Le principe de «fraternité» inscrit dans le droit
Questionné sur l’aide aux migrants, le Conseil constitutionnel a affirmé qu’une aide désintéressée au « séjour irrégulier » des étrangers ne saurait être passible de poursuites
De devise, la « fraternité » passe à principe du droit français. Dans un climat européen tendu sur la question des migrants – notamment sur la question de leur prise en charge –, le Conseil constitutionnel a affirmé, hier, qu’une aide désintéressée au « séjour ir régulier » des étrangers ne saurait être passible de poursuites. Et ce, au nom du principe de «fraternité ». Une victoire très importante pour les associations et particuliers qui avaient posé cette question de constitutionnalité. Parmi eux, Cédric Herrou, l’agriculteur de Breil-sur-Roya. Me Patrick Spinosi, l’un des avocats des requérants, a salué une « immense victoire », qui a pour conséquence « d’interdire de poursuivre en justice des actes purement humanitaires à l’égard des migrants ».
«Mon combat légitimé »
Cédric Herrou a salué cette décision, estimant son combat « légitimé ». « La décision vient dire que le pays n’appartient pas aux nationalistes, à la droite extrême. La France ce n’est pas un pays fermé sur lui-même, égocentré. La France c’est Liberté, Egalité, Fraternité, les droits de l’homme, les droits de l’enfant. » Et l’agriculteur d’insister : «Quand vous avez un humain en difficulté en bas de chez vous, vous l’aidez, c’est tout.
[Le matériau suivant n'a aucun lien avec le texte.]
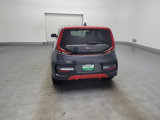 Used 2021 Kia Soul GT-Line image 6
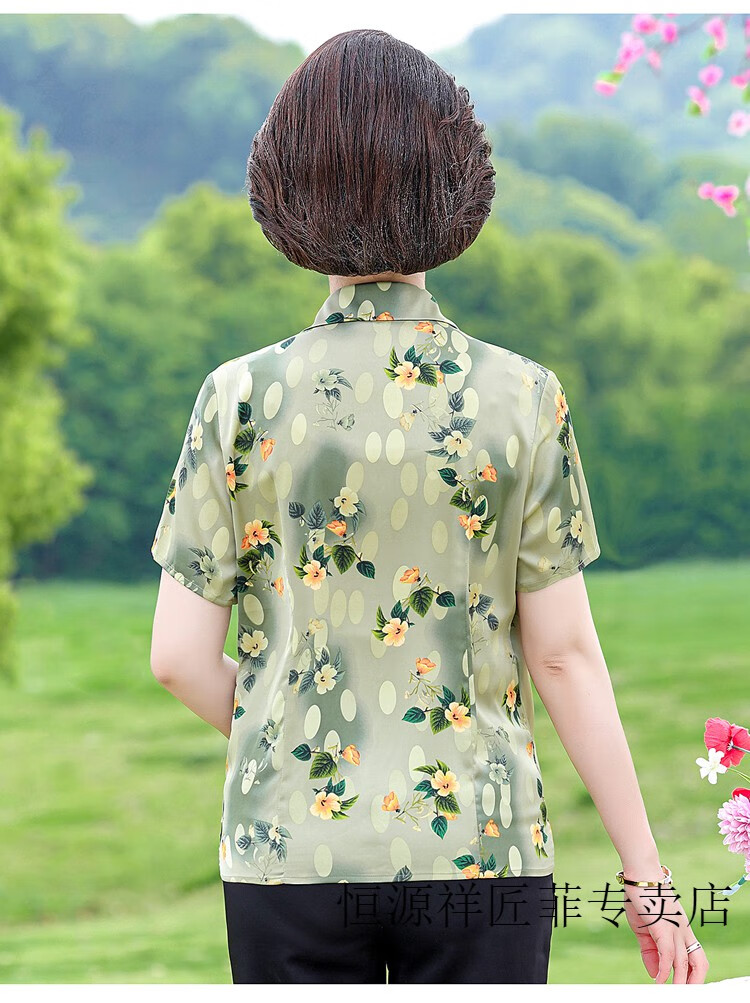 84b55c605b9c9451.jpg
C’est ça la fraternité ». Mireille Damiano, avocate de « Roya citoyenne », a qualifié cette décision de « fabuleuse ». « Le Conseil constitutionnel indique qu’il revient au Parlement de prendre les décisions nécessaires pour qu’il y ait adéquation entre la reconnaissance de ce principe et l’ordre public. » Exultant, Martine Landry, humanitaire de Amnesty international, qui attend le résultat de son procès, le 13 juillet à Nice, a salué un « retour aux valeurs de la République ». Pour le président du Conseil, Laurent Fabius, « la fraternité devra être respectée comme principe constitutionnel par le législateur et elle pourra être invoquée devant les juridictions ». Eric Ciotti (LR), pour sa part, a trouvé cette décision « laxiste » et « étonnante ». Elle affaiblit selon lui « encore un peu plus l’autorité nécessaire de l’Etat et renforce le pouvoir d’associations pseudo-humanitaires qui profitent de leur exposition médiatique pour faire pression sur l’État ». Le ministre de l’Intérieur, Gérard Collomb, a salué la décision, tout en estimant qu’il serait disproportionné d’étendre les exemptions existantes «à l’entrée irrégulière sur le territoire français». Ce qui n’est pas prévu, le Conseil constitutionnel ayant maintenu les sanctions dans ce cas.